The Datadog plugin handles layer attachment automatically, so APM tracing works out of the box. Each Lambda invocation generates a root trace in Datadog APM without requiring code changes. For deeper visibility into business logic, you can add custom spans using the dd-trace library.

During local development, dd-trace is added as a dev dependency:

{
  "devDependencies": {
    "dd-trace": "^5.x",
    "serverless-plugin-datadog": "^5.x"
  }
}

In your handler, require dd-trace with a fallback to maintain local testing capability:

let tracer;
try {
  tracer = require('dd-trace');
} catch {
  tracer = null;
}

async function estimate(event) {
  let summary;
  if (tracer) {
    summary = tracer.trace('trip.estimate', {
      tags: {
        days: event.days,
        people: event.people,
        accommodation: event.accommodation
      }
    }, (span) => {
      const result = calculateCost(event.days, event.people, event.accommodation);
      span.setTag('grand_total', result.grandTotal);
      span.setTag('per_person_total', result.perPersonTotal);
      return result;
    });
  } else {
    summary = calculateCost(event.days, event.people, event.accommodation);
  }
  return summary;
}

This approach yields comprehensive tracing:

• An auto-instrumented root span for the Lambda invocation.
• A child span named trip.estimate tagged with business attributes.
• End-to-end latency, error rate, and throughput metrics per service.

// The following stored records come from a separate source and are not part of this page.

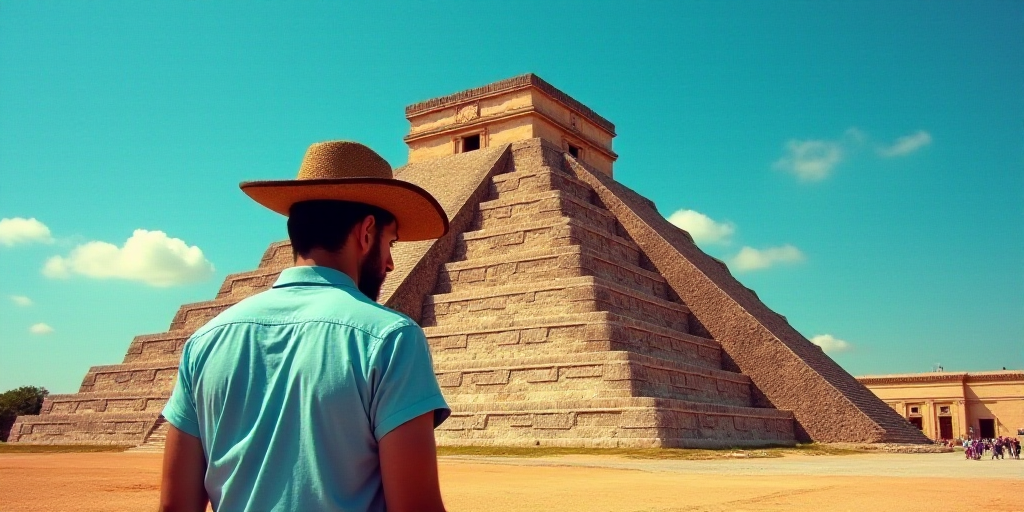 a man in a hat standing in front of a pyramid in mexico with a blue sky in the background, Alex Grey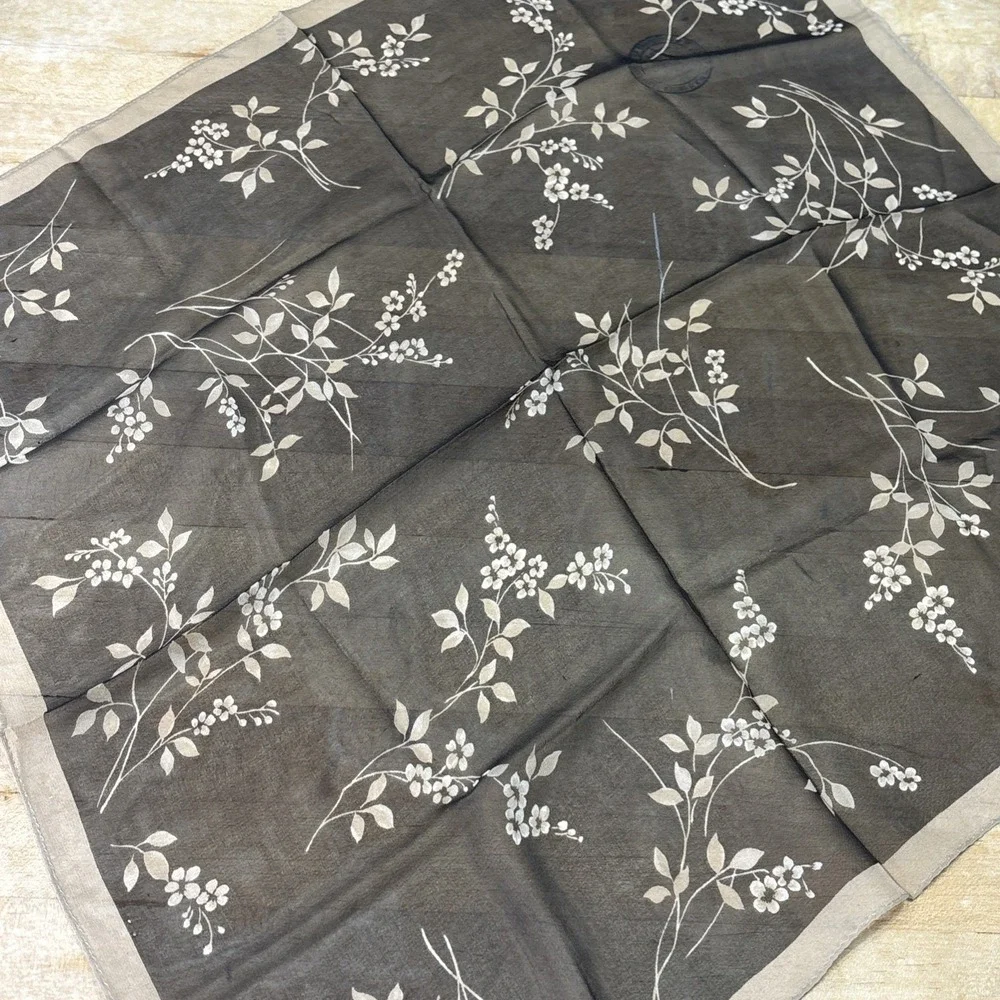 Vintage Casual Corner 100% Silk Head Scarf Floral Sheer Brown Hair Wrap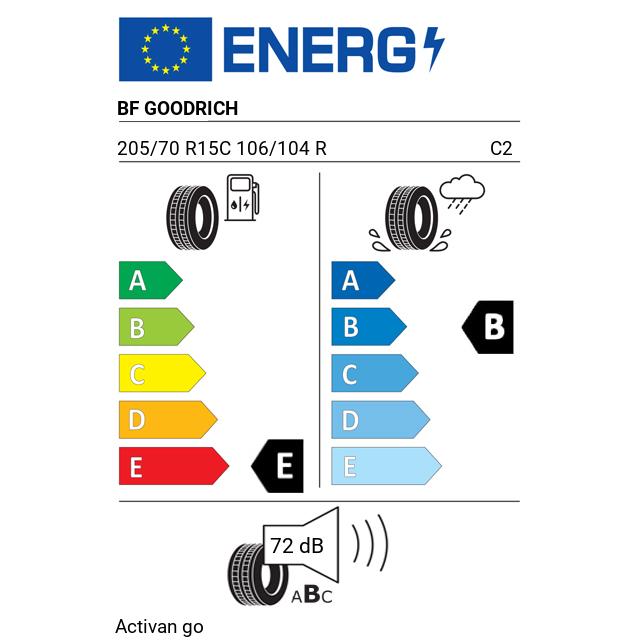 Eticheta Energetica Anvelope  205 70 R15C Bf Goodrich Activan Go 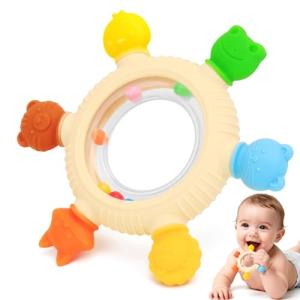 Baby Teething Rings Rattle Toys - BPA-Free Silicone Teether for 0-24 Months Infants & Toddlers, Safe Soft Chew Toys with Rattle Sound, Essential Teething Relief for Babies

Structured Logging with Trace Correlation

The Datadog Lambda Extension automatically forwards all function logs to Datadog when enableDDLogs is enabled. The real breakthrough comes from trace correlation—embedding the active trace ID and span ID in every log line.

Here’s a structured logging helper that enables this correlation:

function logWithContext(message, context = {}) {
  const traceId = tracer ? tracer.scope().active().context().toTraceId() : null;
  const spanId = tracer ? tracer.scope().active().context().toSpanId() : null;
  
  const logEntry = {
    message,
    ...context,
    dd: {
      trace_id: traceId,
      span_id: spanId
    }
  };
  
  console.log(JSON.stringify(logEntry));
}

In Datadog, clicking any log entry automatically links to its corresponding trace, and vice versa. This eliminates the tedious task of manually correlating logs with performance traces during incident investigations.

Best Practices and Lessons Learned

Implementing Observability as Code requires thoughtful planning. Start by standardizing your naming conventions for services and environments to ensure consistency across dashboards and monitors. Use tags liberally to enable flexible filtering and aggregation in Datadog.

Cost control remains a critical consideration. Monitor your Datadog usage closely, especially when enabling enhanced metrics and trace collection. Consider sampling high-volume traces in production environments and disabling payload capture for non-sensitive endpoints.

Finally, treat your observability configuration as living code. Regularly review monitors and dashboards as your application evolves, and conduct post-mortems on incidents to identify gaps in coverage. The goal isn’t just to monitor your system—it’s to make your system observable by design.

As serverless architectures grow in complexity, the ability to automate and standardize observability will separate sustainable systems from fragile ones. By adopting Observability as Code today, teams can reduce operational burden, improve reliability, and focus on delivering value rather than maintaining monitoring setups.